A Philosophical Investigation
Philip Kerr
Arrow pbk, 360 pgs
Now a Vintage paperback
Review by Gerald Houghton (1993)
A young woman lies murdered, daubed in obscene graffiti; the police debate which of London's multifarious murderers could be responsible - the Hackney Hammerer, the Lipstick Man, The Messenger - until Chief Inspector 'Jake' Jakowicz is called upon to investigate another series of deaths, the victims exclusively male, exclusively subjects of the controversial Lombroso Program designed to uncover the mental deficiency in the male population that leads to a propensity for violent crime.
Philip Kerr's new novel unfolds in a country not too far from our own, but one wrested just far enough into the future for the lives of the people to be infected with advanced technologies and barely suppressed violence on the streets; where serial killing has become almost a national pastime. Jake discovers that the Lombroso Program has coded-up its participants with the names of authors from the Penguin Classics catalogue, and it's not long before the authorities determine that they are looking for one Ludwig Wittgenstein, but matching man and deed is a long and dangerous game.

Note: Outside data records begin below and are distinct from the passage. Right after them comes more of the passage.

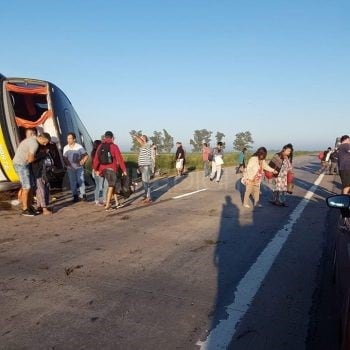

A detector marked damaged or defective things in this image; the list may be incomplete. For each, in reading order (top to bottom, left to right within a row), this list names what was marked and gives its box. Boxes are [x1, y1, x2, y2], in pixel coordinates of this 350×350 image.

overturned bus [0, 72, 93, 190] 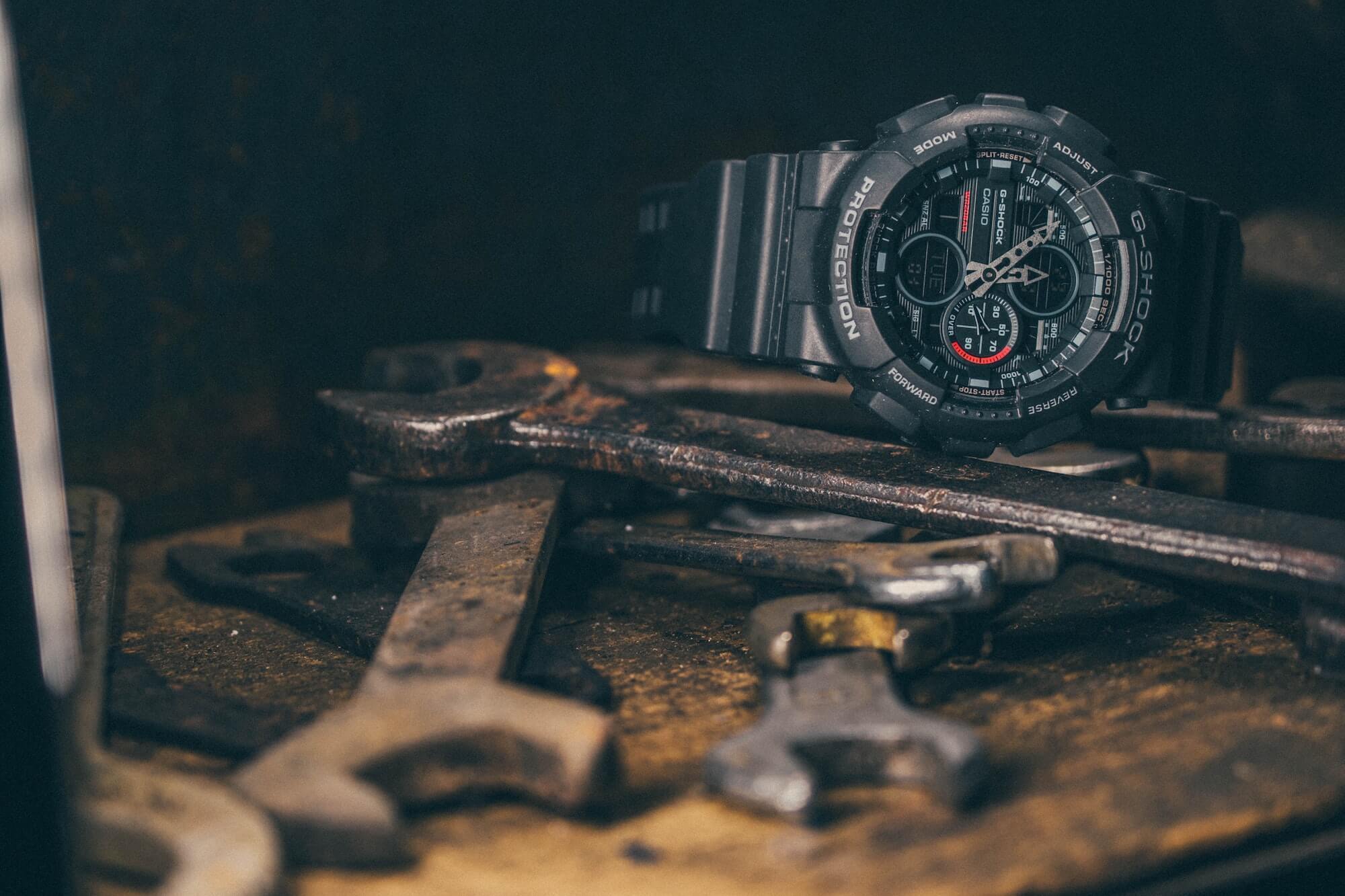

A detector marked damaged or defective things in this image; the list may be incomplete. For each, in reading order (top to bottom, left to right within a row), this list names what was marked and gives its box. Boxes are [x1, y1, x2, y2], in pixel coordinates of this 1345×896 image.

rusty wrench [230, 473, 616, 866]
corroded tool [233, 473, 616, 866]
rusted surface [105, 503, 1345, 893]
rusted surface [317, 340, 1345, 608]
rusty wrench [317, 344, 1345, 610]
corroded tool [710, 597, 985, 823] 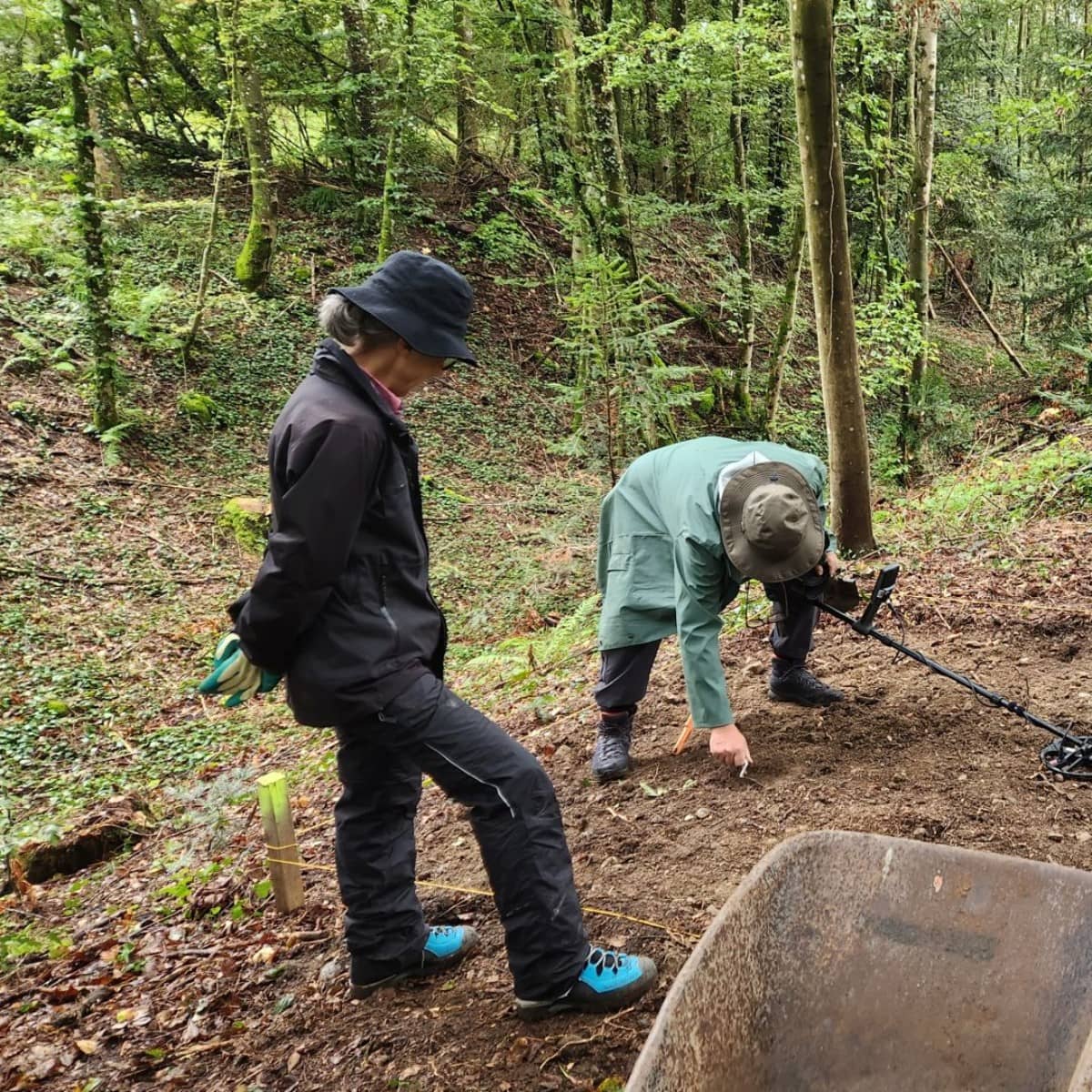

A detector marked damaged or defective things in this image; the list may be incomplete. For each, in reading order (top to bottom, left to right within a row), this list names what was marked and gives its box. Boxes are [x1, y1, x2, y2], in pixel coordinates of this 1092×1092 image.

rusty metal surface [629, 825, 1092, 1092] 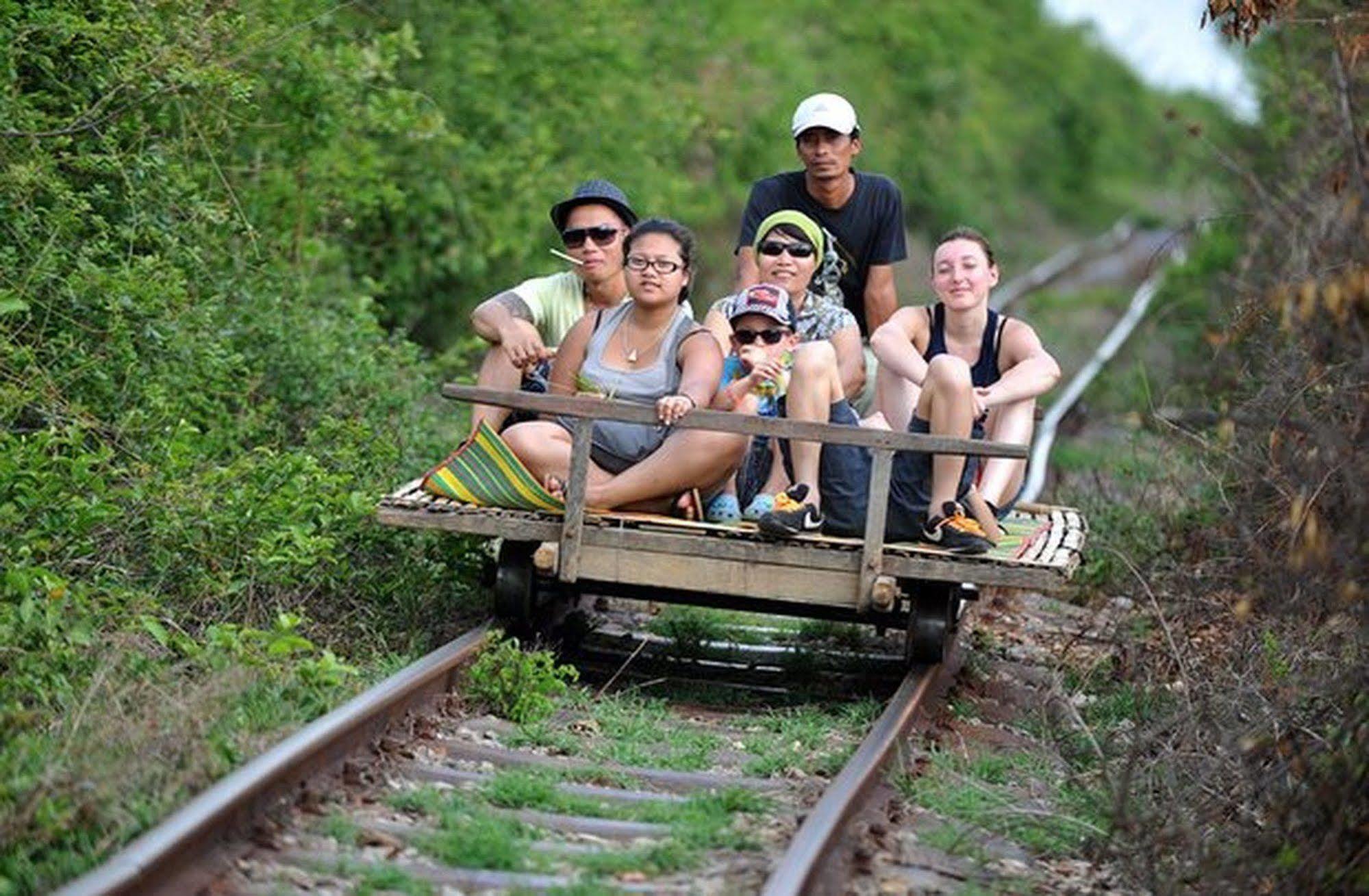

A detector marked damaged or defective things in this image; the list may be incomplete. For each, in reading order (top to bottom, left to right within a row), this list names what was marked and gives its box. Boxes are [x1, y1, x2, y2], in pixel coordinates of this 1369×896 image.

rusty railway track [56, 619, 953, 896] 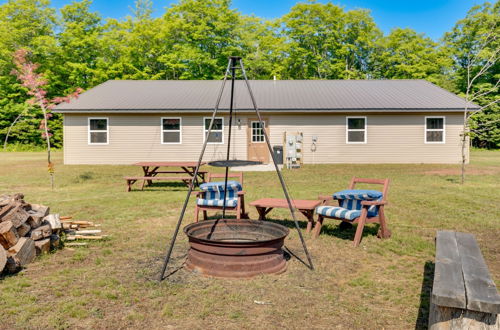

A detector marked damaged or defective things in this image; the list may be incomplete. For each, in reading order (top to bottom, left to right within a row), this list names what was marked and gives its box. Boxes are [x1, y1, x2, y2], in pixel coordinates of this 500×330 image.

rusty metal fire ring [184, 219, 290, 278] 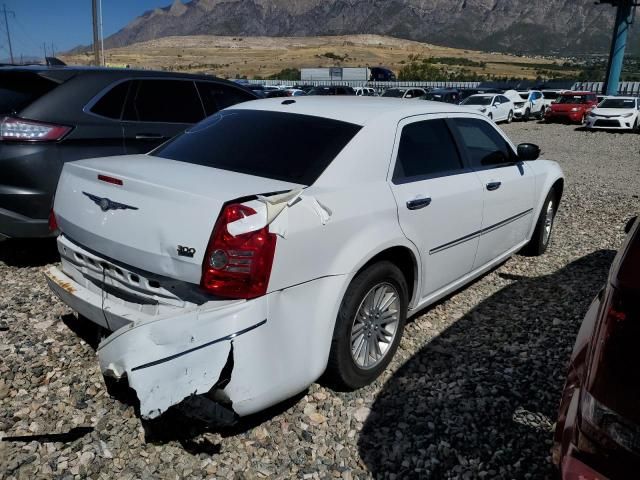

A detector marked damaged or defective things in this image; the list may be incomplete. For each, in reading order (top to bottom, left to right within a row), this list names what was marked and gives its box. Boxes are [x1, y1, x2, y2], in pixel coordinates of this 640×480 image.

cracked trunk lid [55, 155, 302, 284]
damaged rear bumper [44, 236, 348, 420] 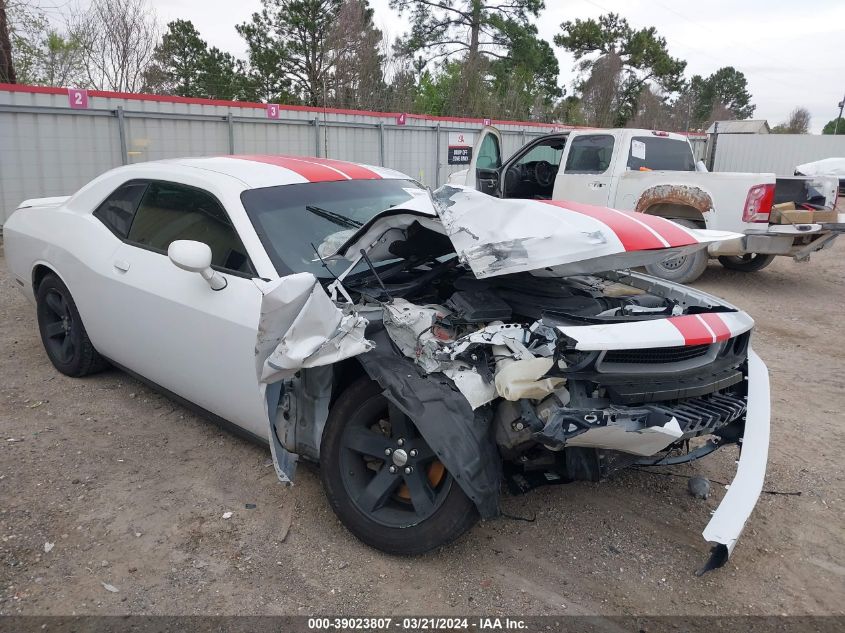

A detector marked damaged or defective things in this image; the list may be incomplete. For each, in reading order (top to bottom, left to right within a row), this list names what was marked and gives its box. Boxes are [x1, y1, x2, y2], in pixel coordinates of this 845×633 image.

crumpled hood [330, 185, 740, 278]
damaged fender [254, 272, 372, 484]
damaged fender [356, 328, 502, 516]
severe front damage [254, 184, 768, 572]
damaged fender [696, 346, 768, 572] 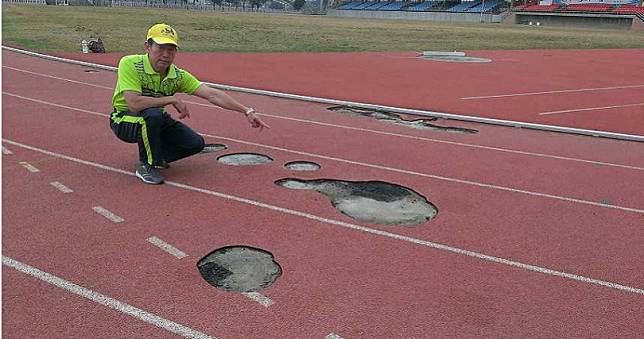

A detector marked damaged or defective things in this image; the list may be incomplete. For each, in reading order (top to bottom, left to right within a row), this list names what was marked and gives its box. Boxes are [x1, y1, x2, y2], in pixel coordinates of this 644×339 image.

large pothole [328, 105, 478, 135]
large pothole [274, 179, 436, 227]
large pothole [196, 246, 282, 294] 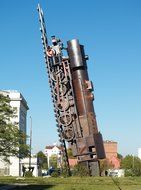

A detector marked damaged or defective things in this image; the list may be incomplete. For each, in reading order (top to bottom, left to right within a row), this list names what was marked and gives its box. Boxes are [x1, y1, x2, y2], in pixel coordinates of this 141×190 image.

rusty steel structure [37, 4, 105, 176] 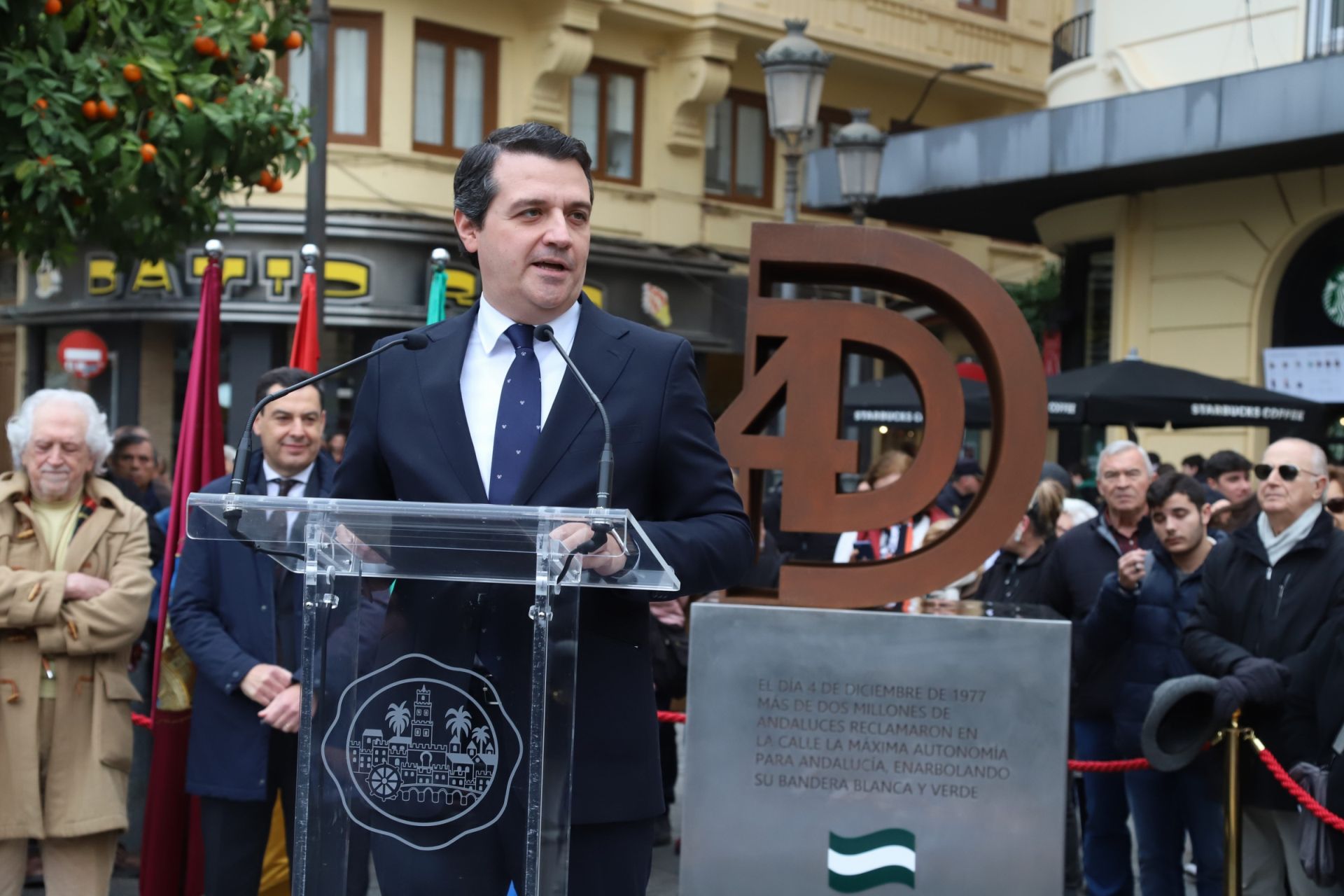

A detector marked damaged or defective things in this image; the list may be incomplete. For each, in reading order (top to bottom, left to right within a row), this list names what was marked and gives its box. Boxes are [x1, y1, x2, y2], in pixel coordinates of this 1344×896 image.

This novel immediately has two things against it: the tradition of British crime is long but never terribly glorious; and if the corpse of serial killing is still alive then it is barely twitching. Kerr's solution is, therefore, all the better. By moving his tale forward he allows himself the space to imagine a society in slow, divided collapse - the population are addicted to unrated television that revels in porn and sensationalist reporting; parts of the capital have been allowed to fall into rat-infested disrepair; murderers are now sent into punitive coma as punishment; and Oxford Street has been glassed over in a giant mall development. Against this then, a rise in violence is to be expected, and so it comes, and along with it the most intriguing elements of this particular crime, as Wittgenstein the self-appointed assassin begins to increasingly identify with the author of the Tractatus, and Jake distinguishes within the detection process the extraordinary parallels with philosophical inquiry.
The strengths of Kerr's novel are several: in drawing on philosophy for its background it allows an expansion of what is in essence a routine (if hi-tech) policer into something immediately more provocative and stimulating, even down to the killer delivering a lecture to the police in celebration and justification of the act of murder itself. And in its partially updated setting - portable satellite phones, high-power gas-guns - Kerr is able to expand British crime out of the country house and onto the mean streets. What is not so sure are the first hundred scene-setting pages or so, a somewhat uneasy balance struck between grit and humour that stumbles slightly before finding its feet, alternating chapters of investigation and first person confession to cumulative effect. And in Jake Jakowicz, Kerr has fashioned a suitably arch, feminist anti-hero 'tec for the 21st century, one whose ambivalence towards women is commensurate only to her hatred of men; it would be agreeable to meet again elsewhere. In the meantime, this bastard offspring of Blade Runner (Dick's marvellous novel rather than the movie) and The Silence of the Lambs is an ambitious and commendable slice of off-centre future-grotesque.